When her children moved to college, Marge’s eyes turned to the countryside farther north and she and Phil moved to Healdsburg. They built a house with beds for their grandchildren, a new garden and a new community without ever forgetting the old one. She embraced fly fishing and golf, served on the board of the Healdsburg Hospital, and tutored at Alexander Valley School. In 2010 Phil passed away and in 2019 Marge lost her home to the Kincaid fire. Her response when she found herself homeless at 86: “Honey, I’ve always liked change.” Undeterred by loss.
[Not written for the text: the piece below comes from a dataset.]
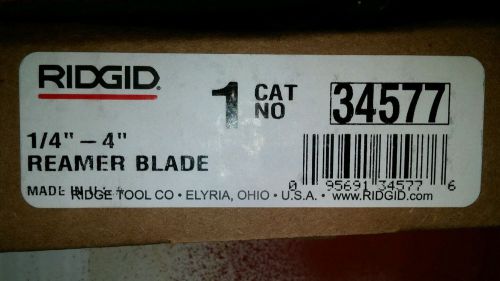 ridgid 34577 4 reamer blade
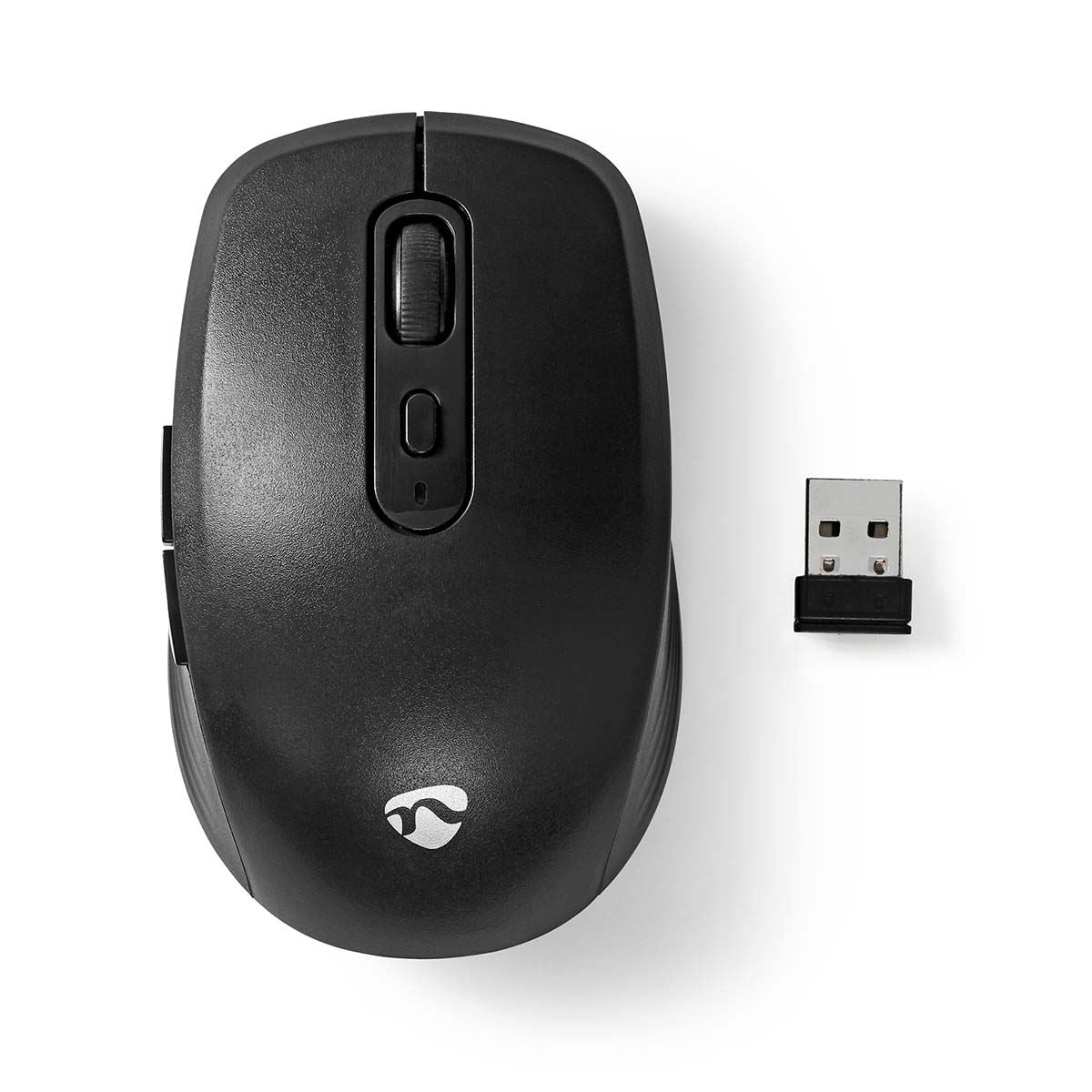 Nedis Mouse | Wireless | 800 / 1200 / 1600 dpi | Adjustable DPI | Number of buttons: 6 | Right-Handed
Marge lived a great and wonderful life. His humor was quick, lively and suitably irreverent. She was an eternal optimist. She read voraciously, ventured fearlessly, and genuinely believed in the healing properties of a vigorous cocktail and good conversation. And if all else failed, there was always tending to her flower pots, gazing at the golden hills she loved.
We miss you, mom.
Marge is survived by her children, John Lilienthal, Maggie MacNab, Kate Lilienthal (Inkster), Victoria Lilienthal (Dreyer); stepchildren Marjorie Ornelas and Judy Leask; brother Maury Huguet and seven grandchildren.
Memorial: Saturday, April 2, 11 a.m.; St. Paul’s Episcopal Church, 209 Matheson Street, Healdsburg. Reception at the parish hall to follow. Everyone is welcome.
Published by Press Democrat on January 30, 2022.